To do | Could you copy exactly the lines from the one containing "Aiseesoft Data Recovery Key (1 Year / 1 PC)" through the last line of the records below, leaving out any pictures?
━━━━━━
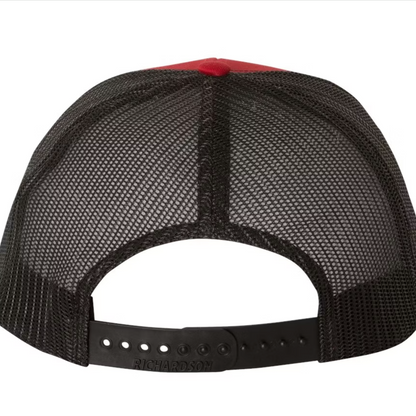 AHQ - Richardson Snapback Hat with Embroidered Logo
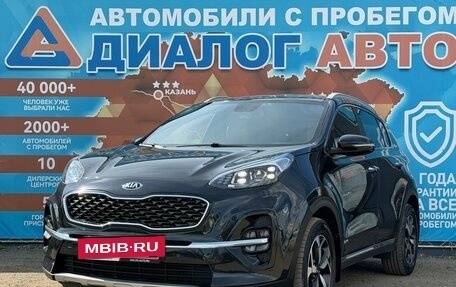 KIA Sportage IV рестайлинг, 2018 год, 2 265 000 рублей, 9 фотография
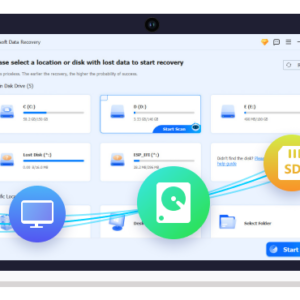 Aiseesoft Data Recovery Key (1 Year / 1 PC)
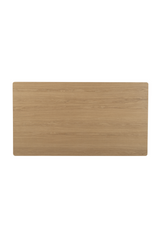 Modern European furniture - Natural Solid Oak Coffee Table - www.oroa.com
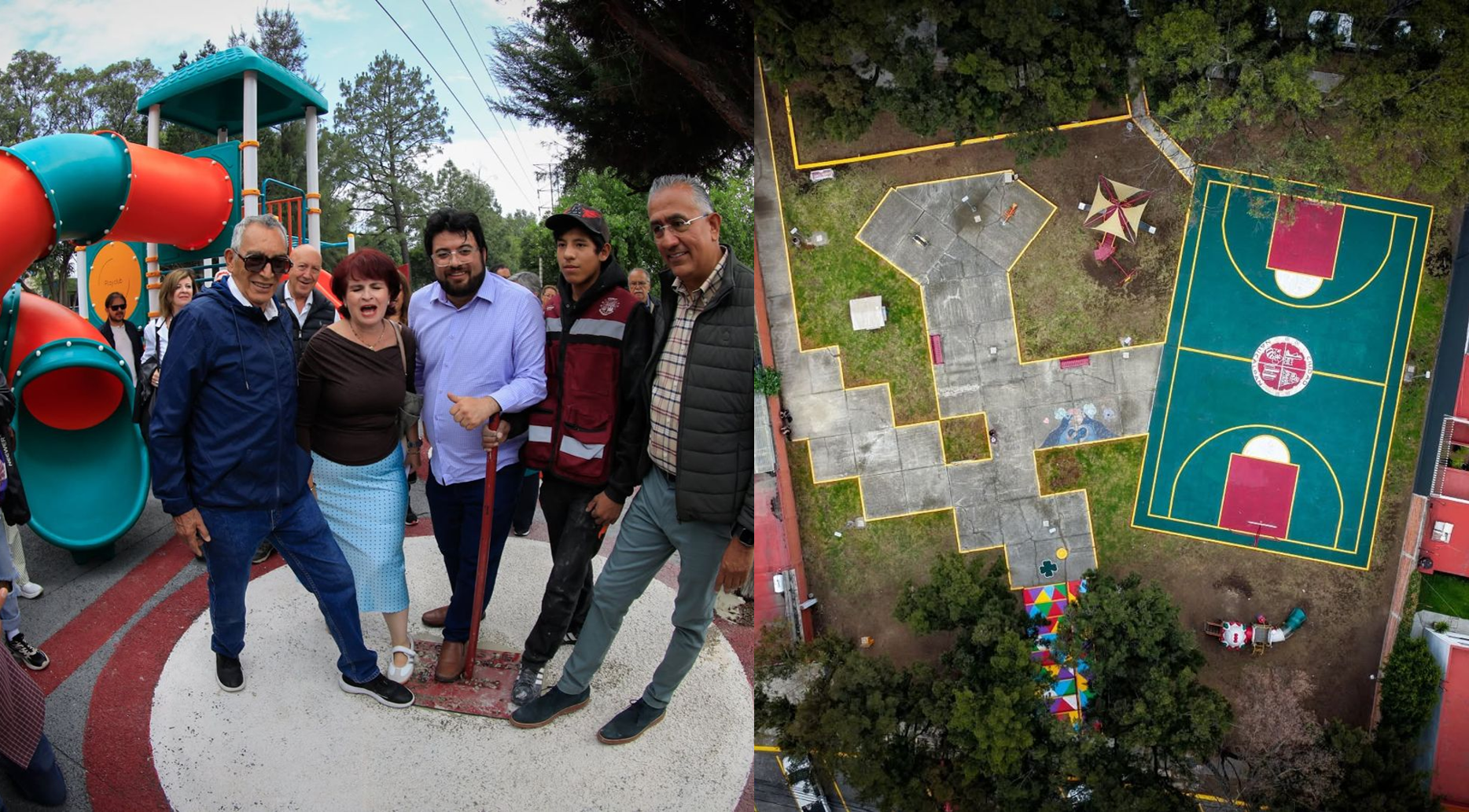 Isaac Montoya, Gobierno de Naucalpan, Jardines de la Florida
━━━━━━
Finished task |
 Aiseesoft Data Recovery Key (1 Year / 1 PC)
 Modern European furniture - Natural Solid Oak Coffee Table - www.oroa.com
 Isaac Montoya, Gobierno de Naucalpan, Jardines de la Florida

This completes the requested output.